The 2006 World Series of Poker (WSOP) began on June 25, 2006 with satellite events, with regular play commencing on June 26 with the annual Casino Employee event, and the Tournament of Champions held on June 28 and 29. 40 more events in various disciplines including Omaha, seven-card stud and razz, plus ladies' and senior tournaments led up to the 10,000 US$ no-limit Texas hold 'em main event starting July 28 and running through the final table on August 10.

All events were held at the Rio All Suite Hotel and Casino in Las Vegas, Nevada, which marked the first time that a casino other than Binion's Horseshoe (now "Binion's") hosted the final table of the main event. 6 days reserved for the first 2 rounds of play for the main event were established by Harrah's Entertainment, which has run the annual event since its purchase from the Binion family in 2004.

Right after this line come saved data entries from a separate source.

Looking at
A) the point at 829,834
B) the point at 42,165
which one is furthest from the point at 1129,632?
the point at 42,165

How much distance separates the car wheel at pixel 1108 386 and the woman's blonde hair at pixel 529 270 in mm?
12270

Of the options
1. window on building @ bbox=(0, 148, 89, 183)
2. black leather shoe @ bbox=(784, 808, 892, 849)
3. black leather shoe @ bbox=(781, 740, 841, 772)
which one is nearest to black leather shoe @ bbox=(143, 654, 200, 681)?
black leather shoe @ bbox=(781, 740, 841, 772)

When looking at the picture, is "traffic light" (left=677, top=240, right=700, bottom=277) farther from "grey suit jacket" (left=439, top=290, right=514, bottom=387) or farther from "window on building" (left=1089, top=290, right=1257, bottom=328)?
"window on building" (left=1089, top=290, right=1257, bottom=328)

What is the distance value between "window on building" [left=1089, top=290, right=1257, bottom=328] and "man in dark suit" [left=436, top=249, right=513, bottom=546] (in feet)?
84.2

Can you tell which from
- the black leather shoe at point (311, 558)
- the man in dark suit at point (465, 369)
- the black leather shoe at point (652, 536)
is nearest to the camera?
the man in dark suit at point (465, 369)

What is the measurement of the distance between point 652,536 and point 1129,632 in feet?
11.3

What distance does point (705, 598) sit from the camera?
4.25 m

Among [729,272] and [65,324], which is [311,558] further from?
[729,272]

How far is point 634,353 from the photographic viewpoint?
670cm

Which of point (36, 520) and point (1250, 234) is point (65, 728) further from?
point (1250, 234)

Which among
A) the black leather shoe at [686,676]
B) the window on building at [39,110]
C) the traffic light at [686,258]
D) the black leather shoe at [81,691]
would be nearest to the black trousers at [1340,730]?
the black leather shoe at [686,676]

The first prize in the main event was $12 million (US$), at that time the richest prize for the winner of any sports or television event in history. The top 12 players became millionaires. The record prize was surpassed at the 2012 WSOP, when the winner of the $1 million buy-in Big One for One Drop, Antonio Esfandiari, received a first-place prize $18.3 million.

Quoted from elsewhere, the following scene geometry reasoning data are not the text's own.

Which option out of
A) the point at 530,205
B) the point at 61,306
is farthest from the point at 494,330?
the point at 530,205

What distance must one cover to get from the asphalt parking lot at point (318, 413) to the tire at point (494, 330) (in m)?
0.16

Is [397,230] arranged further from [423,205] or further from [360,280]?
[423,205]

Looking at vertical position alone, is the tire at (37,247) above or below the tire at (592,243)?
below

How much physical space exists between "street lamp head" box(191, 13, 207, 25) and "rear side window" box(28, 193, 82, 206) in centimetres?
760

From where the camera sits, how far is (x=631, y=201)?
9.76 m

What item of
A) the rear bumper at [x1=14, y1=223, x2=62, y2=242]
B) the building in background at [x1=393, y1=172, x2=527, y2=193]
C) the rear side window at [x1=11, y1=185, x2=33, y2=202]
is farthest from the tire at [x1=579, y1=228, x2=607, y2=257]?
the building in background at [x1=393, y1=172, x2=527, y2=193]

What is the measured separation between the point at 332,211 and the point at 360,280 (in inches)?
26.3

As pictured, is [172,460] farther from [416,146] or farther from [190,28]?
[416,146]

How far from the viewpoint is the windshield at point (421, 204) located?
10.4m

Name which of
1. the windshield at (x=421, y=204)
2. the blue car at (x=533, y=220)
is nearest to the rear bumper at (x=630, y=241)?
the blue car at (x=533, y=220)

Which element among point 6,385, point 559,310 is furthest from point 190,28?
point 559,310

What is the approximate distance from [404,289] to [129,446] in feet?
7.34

The 2006 World Series featured a much-anticipated HORSE tournament with a $50,000 buy-in, the highest ever for a single WSOP event.

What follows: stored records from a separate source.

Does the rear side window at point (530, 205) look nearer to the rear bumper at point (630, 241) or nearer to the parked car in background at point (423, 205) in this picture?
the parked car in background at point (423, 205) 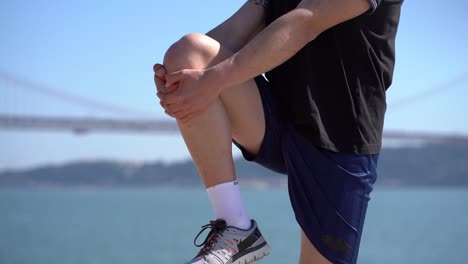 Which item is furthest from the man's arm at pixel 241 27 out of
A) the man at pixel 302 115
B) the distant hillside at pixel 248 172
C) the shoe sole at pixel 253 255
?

Humberto Brenes, Phil Hellmuth, Chris Ferguson, and Alex Jacob tied for the most cashes during the WSOP, with 8 cashes each. Jeff Madsen, who won 2 events and made 2 other final tables (finishing 3rd both times), was named the 2006 WSOP Player of the Year (POTY). He barely edged Hellmuth, who also made 4 final tables.

Events

Main Event
The 2006 Main Event (event #39) remains the largest tournament in poker history by prize pool with a total prize pool of $82,512,162. The tournament, like every WSOP Main Event, is a $10,000 No-Limit Texas Hold'em event. Due to the 8,773-player field, there were four separate starting days (1A-1D), each playing down to 800 people. They were later combined into one other set of separate days (2A and 2B) before becoming one whole group. The field was whittled down to 9 players on August 8, and Jamie Gold was crowned World Champion on August 10. The final table of the "Main Event" was offered live on Pay-Per-View, but unlike ESPN telecasts, viewers at home could not see the hole cards of the players unless the player turned their cards over.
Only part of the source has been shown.